Meselâ, müsveddesi Muzaffer Gündoğar’da bulunan 17 Aralık 1975 de yazdığı BARDAKSI isimli hikâyenin girişini birlikte okuyalım ve yazarı azıcık da olsa tanıyalım.
* * *
“Ovanın bunaltıcı sıcağı demirci kuşluğundan, ikindi geçenece ortalığı kavurduktan sonra, pütür pütür bir deli poyraz çıktı. Bunalmış her bir şeyin üstüne yeniden yaşama sevinci, yaşama canlılığı geldi. İkindi sonu vıcır vıcır oldu her yan. Üveyikler kanatlarını çırpıp, oradan oraya uçuştu. Yukarılarda keklikler gak gubak, gak gubak öttüler. Serçeler kıldan bir yumak gibi enginli, yürekli uçuşup durdu akşamaca. Gün battı batacak.”

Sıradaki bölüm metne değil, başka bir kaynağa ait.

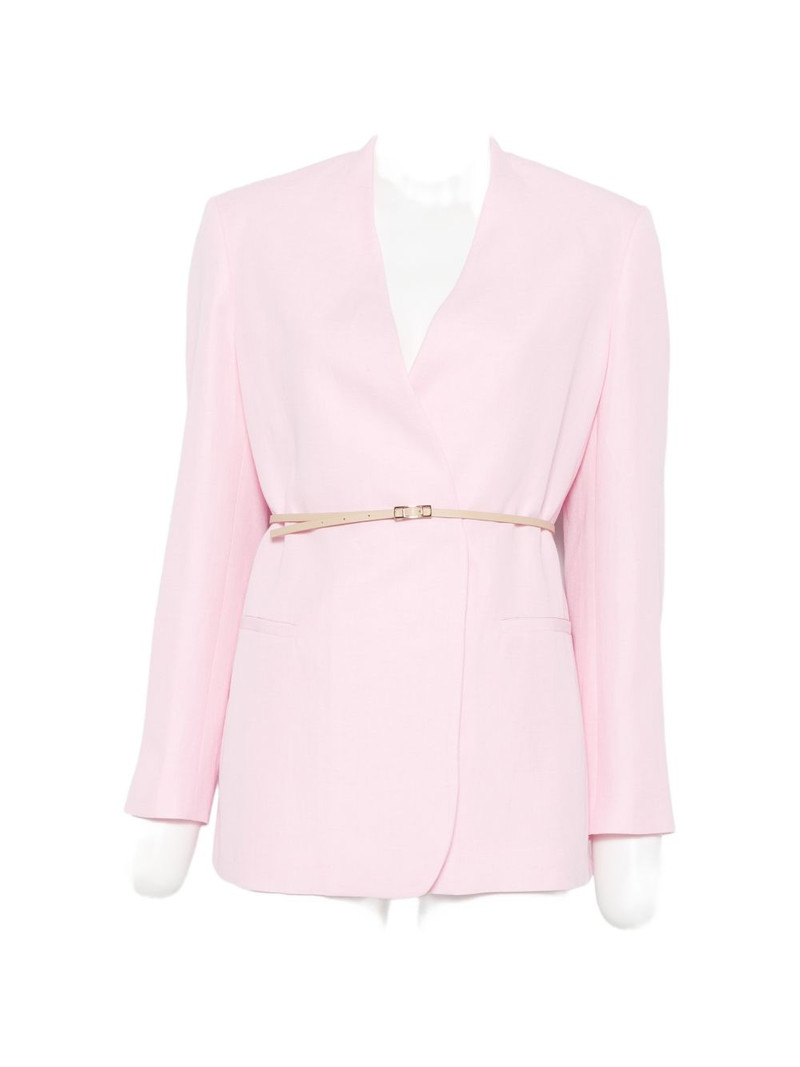 belted wrap-style blazer 1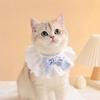 Pure Cotton Lace Pet Bowknot Scarf: Charming Bib for Cats & Dogs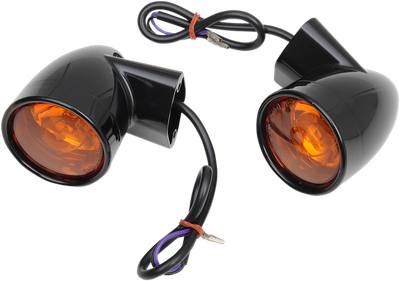 Drag Specialties Bullet-Style Turn Signals Rear 2020-0602
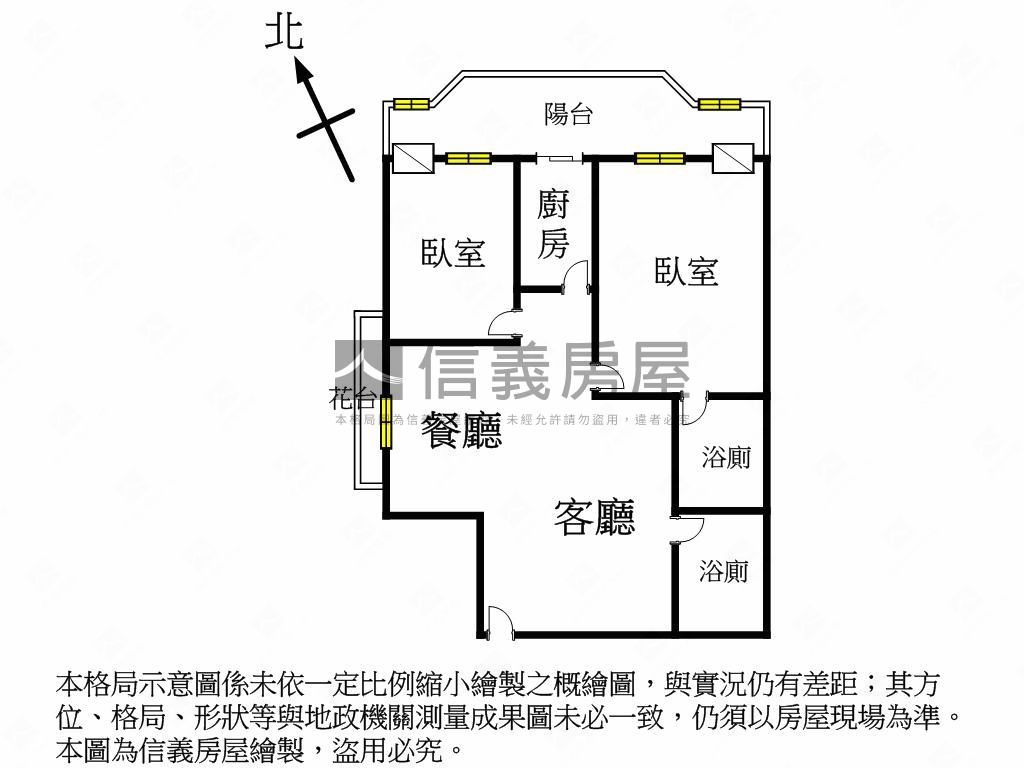 文心國小近捷運大兩房兩衛房屋室內格局與周邊環境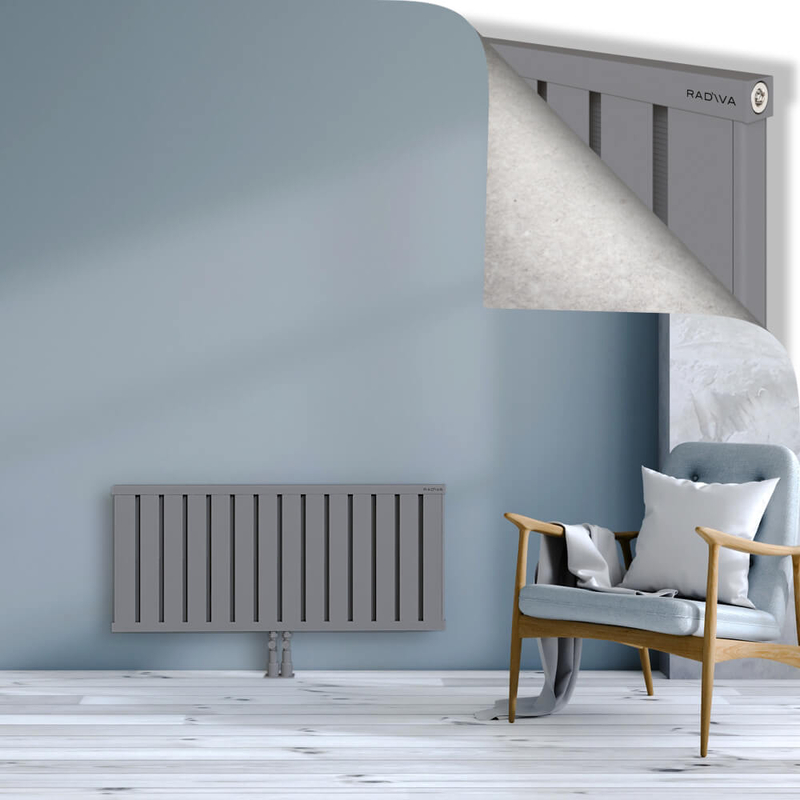 OBI Dekoratif Alüminyum Radyatör 500x1124 Gri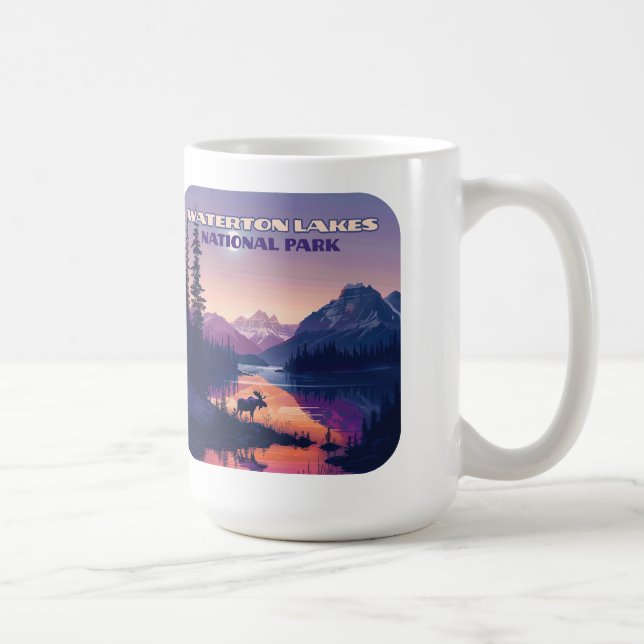 Caneca De Café Parque Nacional dos Lagos Waterton Canada Alberta (Direita)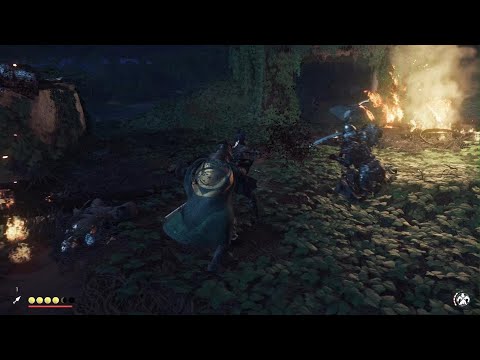 Ghost of Tsushima DC (IKI ISLAND) (PS5 60FPS) MASSACRE AT KIDAFURE VILLAGE P4 - WALKTHROUGH PT 148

Başka bir müsvedde’den örnek verelim.
“Bir keklik sürüsü havalandı. Bir tavşan yumaklanıp sündü, yamacı aştı.Yukarı sekilerden dağ keçileri geleni görüp, kulak kepçelediler. Birini görmedi Feyzo, birini duymadı, usul adamlarla vurup çıktı anca. ... dişleri sıkılı, elinin biri fişekliğinde, kulaklarında anasının sesi, sekilere ağrı yürüdü.”
...
“Elinin tekini yumruk edip, çenesine dayadı. Karşısında sıralı yüce yüce dağlara baktı, umarsız. Başları daha karlıydı dağların. Etekleri boz bulanık bir duman içindeydi. Kar, su denizine kesmişti. Zap Vadisi azgın devler gibi bir homurtuda kaynayıp duruyordu.”
* * *
Birçok değerli yazarımız gibi maalesef Şükrü Gümüş de erken bir ölümle aramızdan ayrılmıştır. 28 Ağustos 1984 de vefat ettiğinde 36 yaşında idi. Hakkâri ve Kastamonu’da öğretmenlik yaptıktan sonra memleketi Çorum’da görevine devam ediyorken hastalanmıştır. Evli ve üç çocuk babası idi. Rahat uyu Şükrü kardeşim. Allah’ın rahmeti üzerine olsun.
03-06-2014

(*) O zamanlar ilkokuldan sonra veya ortaokuldan sonra gidilen “İLKÖĞRETMEN OKULLARI” vardı. Hatta lise mezunları fark derslerini verip ilkokul öğretmeni olabiliyorlardı. Liseden sonra ben de altı tane fark kitabını aldım. İlkokul öğretmeni olmak istiyordum. Babam neden ilkokul öğretmeni olacaksın diye sordu. Fark derslerini verince hemen tayinin çıkıyor öğretmen oluyorsun ne güzel dedim. “Ne olacak sonra hemen evlenecek misin?”, diyerek bana kızdı. Benim kısa yoldan hayata atılıp evlenmek hevesinde olduğumu düşündü. Kendisi Hukuk Fakültesini yarıda bıraktığı için bizim üniversite bitirmemizi istiyordu. Bu yüzden hiç ilgilenmedi. Kendi kendime hazırlandım. Gerekli evrakları tamamladım .(1968) İmtihan gününden bir gün evvel okula gidip dosyayı verdim. İlgili öğretmen baktı heyet-i sıhhiye raporu yok. Hani sağlık raporu nerede diye sordu. Ben de imtihanı kazanınca tayin esnasında alınacak zannettim hocam dedim. Ve ne yazık ki imtihana bile giremedim.